With rival Philip Levine still trying to hang President Donald Trump around his neck, Democratic gubernatorial candidate Jeff Greene lashed back again Thursday morning, insisting that he detests his Palm Beach neighbor, and vice versa.
“Donald Trump can’t stand me,” Greene said. “I know him. I don’t have much of a relationship with him. I haven’t had lunch or dinner with him. But I’ve met him many, many times. He knows if I’m governor of Florida I’m not going to be his friend.”
The issue of Greene’s attitude toward Trump has been a major undercurrent in Greene’s campaign since even before he entered the race in mid June, with him frequently having to defend his statement on FOX Business News, shortly after the 2016 election, calling Trump “a great guy” and offering support.
Some of the other Democrats running, Chris King, Gwen Graham, and Andrew Gillum, also have at least raised eyebrows about the comment in debates and campaign statements.
It continues to haunt, coming up as a hot topic from a professed undecided voter who challenged Greene over it Thursday during a stop in Central Florida.

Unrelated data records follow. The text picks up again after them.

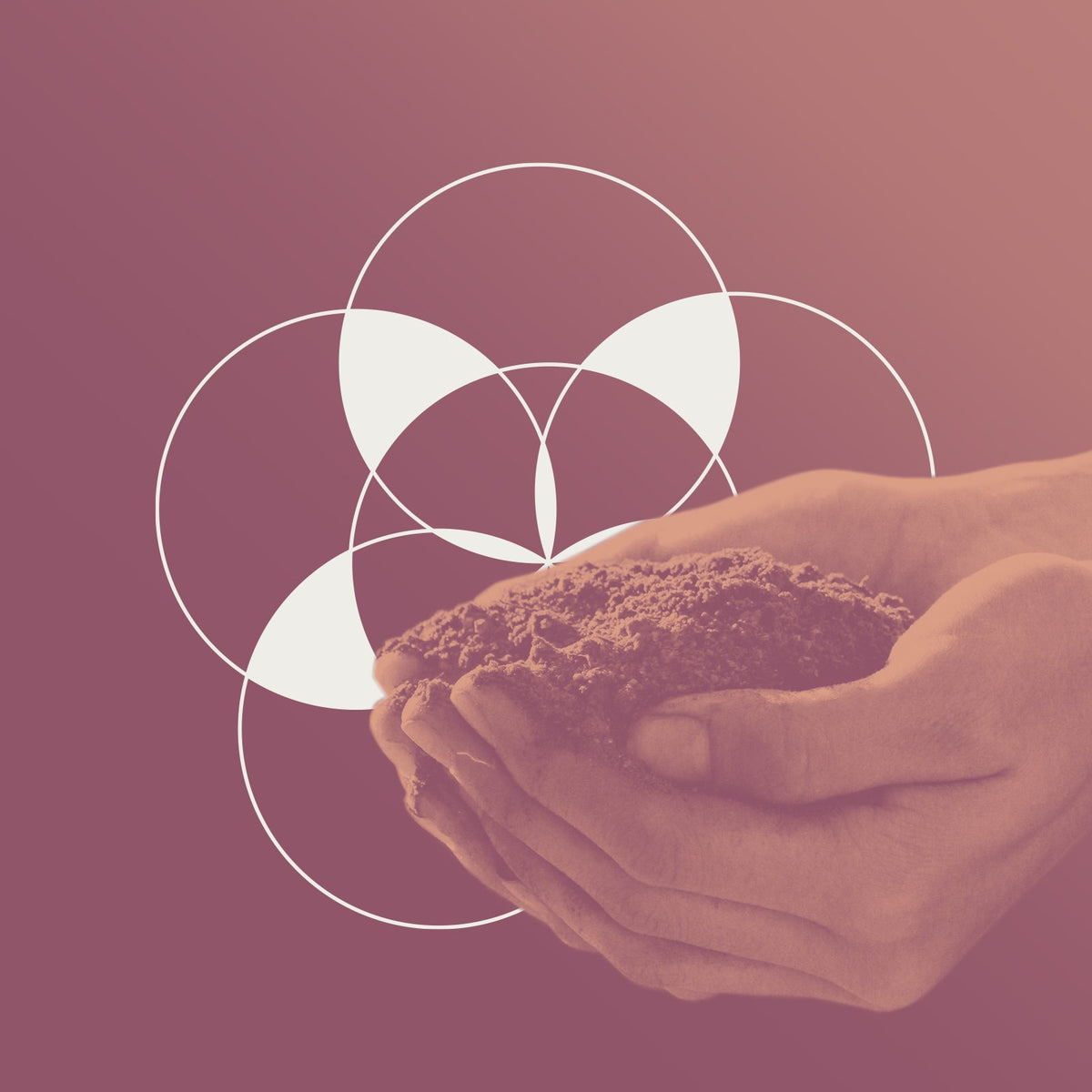 tentree’s Environmental-ish Guide To Composting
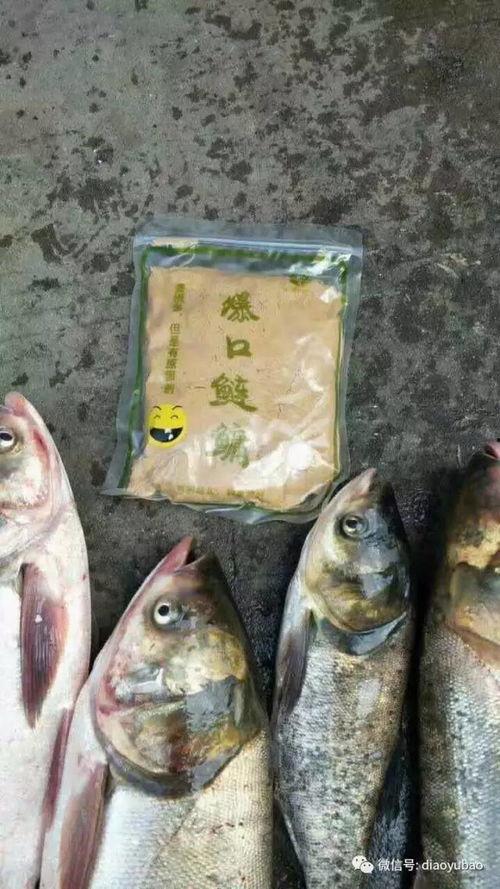 海竿钓鲢鳙视频,视频教学带你轻松上钩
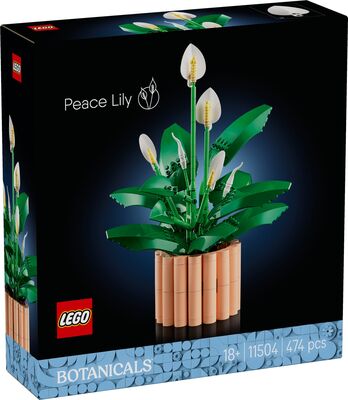LEGO_11504_Box1_v29.jpg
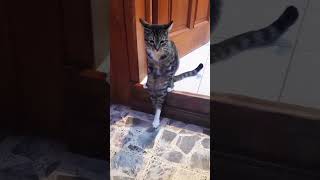 Hilarious Cat Sits Like a Human 😂🐱  Pet Pet [upl. by Thornie852]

Trump’s power in the primary has been well documented as his endorsement of Republican U.S. Rep. Ron DeSantis helped rocket him toward the top heading into the Aug. 28 primaries, and Democrats are battling over the negative power Trump has with Democrats.
Greene has launched multiple TV ads, mailers, and public statements trying to counter that with his declarations that as governor he would be Trump’s worst nightmare; then to counter Levine’s TV ads reminding everyone of Greene’s statements; then to punch back, charging that Levine, too, had made at least conciliatory if not praising comments about Trump, even though Levine was a front-line campaign surrogate for Democrat Hillary Clinton in that race.

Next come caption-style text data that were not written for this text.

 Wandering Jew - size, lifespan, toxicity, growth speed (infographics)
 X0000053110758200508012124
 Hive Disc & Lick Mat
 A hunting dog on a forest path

“Obviously, if you Google you’ll see all the [anti-Trump] stuff I did during the  campaign,” Greene insisted.
Yet the issue still is resonating with Democratic voters, to the point that it might take a hostile Trump tweet to fully clear Greene.
It came up Thursday when Greene was speaking to a gathering at the Roth Jewish Family Center in Maitland, in an event organized by the Jewish Federation of Greater Orlando, from an audience member who’d seen Levine’s ad, and was concerned.
Greene brushed off the initial comment, again, as something respectful that someone should say whenever a new president takes office.
“Unfortunately that quote is being thrown all over the place,” Greene said. “It’s par for the course.”